When we talk about cities, most of the things which come in our minds are negative. Things like pollution, traffic, unhealthy lifestyle and street riots contributes more towards our negative mindset. The WRI Ross Center for Sustainable Cities, a Washington, D.C. based nonprofit organization that encourages solutions to generate more prosperous, livable cities, took the initiative to change that mindset.
In early 2018, the center launched a worldwide contest to acknowledge the city projects which was considered accurately transformative by their staff. The center announced a prize of $250,000 for the cities which will transform its lifestyle in a better way. In a statement made by Jessica Seddon, director of integrated urban strategy at the center, she said that "We wanted to make a bold statement to award people who had really stuck their neck out there”.
200 applications from 41 countries moved in. In April 2019, the center will announce the winners. On December 12, projects in these five cities were called off as finalists.
· Dar es Salaam, Tanzania
Reports from WRI Ross center for sustainable cities said that, a child in Sub-Saharan Africa is twice as likely to die in a road crash as a child in any other region of the world. With such a small amount of vehicle percentage i.e. 2%, the region accounts for an astounding 16 percent of the world’s total road deaths.
Amend, a nonprofit organization in Ghana, Tanzania and Mozambique, is functioning upon to deal with these problems. They have initiated School Area Road Safety Assessments and improvement programs, Or SARSAI, where they united with local administration to advance the existing roadside infrastructure and student behavior. Amend’s outcomes are most visible in Dar es Salaam, where it has worked in 30 high-risk school areas to diminish rates of road deaths and injuries.
· Durban, South Africa
With thousands of footfall on Durban’s Warwick Junction. Many of the area’s vendors and informal workers are often excluded from the public space and public policies.

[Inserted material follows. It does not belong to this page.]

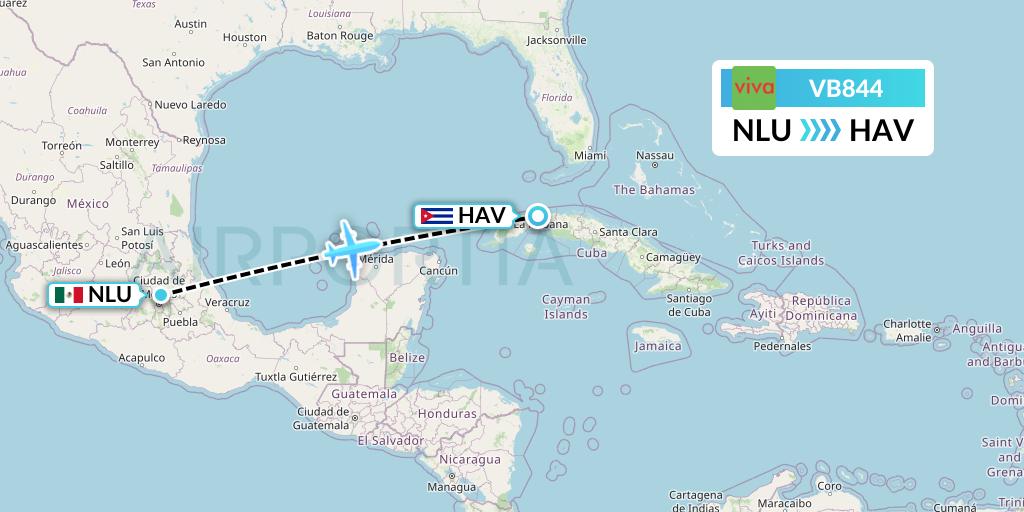 VB844 VivaAerobus Flight Map: Reyes Acozac to Havana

To privatize the area, a non-profit organization named Asiye eTafuleni, helped the informal vendors to become more involved in the municipal decision-making process, so that they would get benefit from the development of Warwick Junction. “It illustrated a way in which the market core of cities could remain open to smaller vendors and smaller traders even as the rest of the city increases its connectivity to the world and ‘modernizes,’” Seddon said.
· Eskisehir, Turkey
Eskisehir is a city which is located in the hills south of Istanbul, which has struggled in the past with blockage and a contaminated river known as Porsuk. The Eskisehir Metropolitan Municipality, which shaped the Eskisehir Urban Development Project to refurbish the river, created a series of parks alongside the river banks and incorporated the changes with a whole new electric tram network.
“The river went from being one of the most contaminated rivers in Europe to something that has been used for leisure and has green spaces down the edge of it,” Seddon said.
· Medellin, Colombia
Medellin is a city, which has expanded along the sides of the Aburra valley, the poor hillside neighborhoods has enabled them to be geographically, socially and economically isolated from the city center. Many residents had difficulties in commuting into the cities as well.
To bridge these openings, Medellin in 2004, formed the world’s first aerial cable car lines synchronizing directly with the public transport system. By linking the cable cars to subway, bus and bike stations, the city facilitated its residents to travel above congested and dangerous streets, instantaneously cutting commute times.
· Pune, India
A city situated in the western part of India, where the waste pickers were often considered as one of the most marginalized residents, who operated under a very informal status and struggled to make a livelihood. But, a group of 3000 waste pickers in the city has worked to give these people, a sense of stability.
SWaCH Pune Seva Sahakari Sanstha – India's first worker-owned waste-pickers cooperative – has recognized a formal contract with the city that allows it to provide waste collection services while providing secure paychecks to its members. “It gave people jobs they could depend on, extended health care coverage, and took the arrangement that had been efficient but hard for those doing the work and made it into a more ordered, standard source of employment,” Seddon said.